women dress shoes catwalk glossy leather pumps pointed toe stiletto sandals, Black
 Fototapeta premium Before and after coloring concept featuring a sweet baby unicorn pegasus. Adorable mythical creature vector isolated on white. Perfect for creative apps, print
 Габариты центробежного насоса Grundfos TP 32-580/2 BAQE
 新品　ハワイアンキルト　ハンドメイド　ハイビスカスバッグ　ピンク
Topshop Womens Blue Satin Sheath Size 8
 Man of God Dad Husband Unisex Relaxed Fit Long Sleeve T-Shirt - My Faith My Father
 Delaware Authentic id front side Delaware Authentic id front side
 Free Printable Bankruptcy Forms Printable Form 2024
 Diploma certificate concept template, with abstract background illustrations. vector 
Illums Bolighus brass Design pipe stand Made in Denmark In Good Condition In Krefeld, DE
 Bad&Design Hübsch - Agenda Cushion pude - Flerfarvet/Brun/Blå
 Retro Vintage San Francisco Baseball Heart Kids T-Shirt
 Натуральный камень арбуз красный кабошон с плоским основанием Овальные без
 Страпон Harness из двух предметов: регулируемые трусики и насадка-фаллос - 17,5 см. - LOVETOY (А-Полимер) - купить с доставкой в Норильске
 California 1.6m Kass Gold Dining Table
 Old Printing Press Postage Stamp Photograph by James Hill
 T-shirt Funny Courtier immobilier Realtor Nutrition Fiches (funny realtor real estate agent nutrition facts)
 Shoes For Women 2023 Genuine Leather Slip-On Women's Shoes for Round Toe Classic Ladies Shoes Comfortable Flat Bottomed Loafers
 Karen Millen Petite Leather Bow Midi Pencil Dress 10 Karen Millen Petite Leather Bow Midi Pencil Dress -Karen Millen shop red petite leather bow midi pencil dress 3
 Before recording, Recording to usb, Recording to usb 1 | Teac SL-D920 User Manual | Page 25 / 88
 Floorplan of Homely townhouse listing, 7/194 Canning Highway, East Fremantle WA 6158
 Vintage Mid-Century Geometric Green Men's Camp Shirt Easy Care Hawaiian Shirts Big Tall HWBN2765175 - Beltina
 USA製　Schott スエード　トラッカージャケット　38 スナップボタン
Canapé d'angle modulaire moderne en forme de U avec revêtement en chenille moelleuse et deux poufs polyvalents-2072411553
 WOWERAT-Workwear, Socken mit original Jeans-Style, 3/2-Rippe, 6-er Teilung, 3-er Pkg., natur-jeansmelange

**********

◆ WHAT THE TASK ASKS: Work out the number of lines in the records that contain the string "Before". Nothing but that number should be sent back.

◆ RESULT OF THIS TASK: 2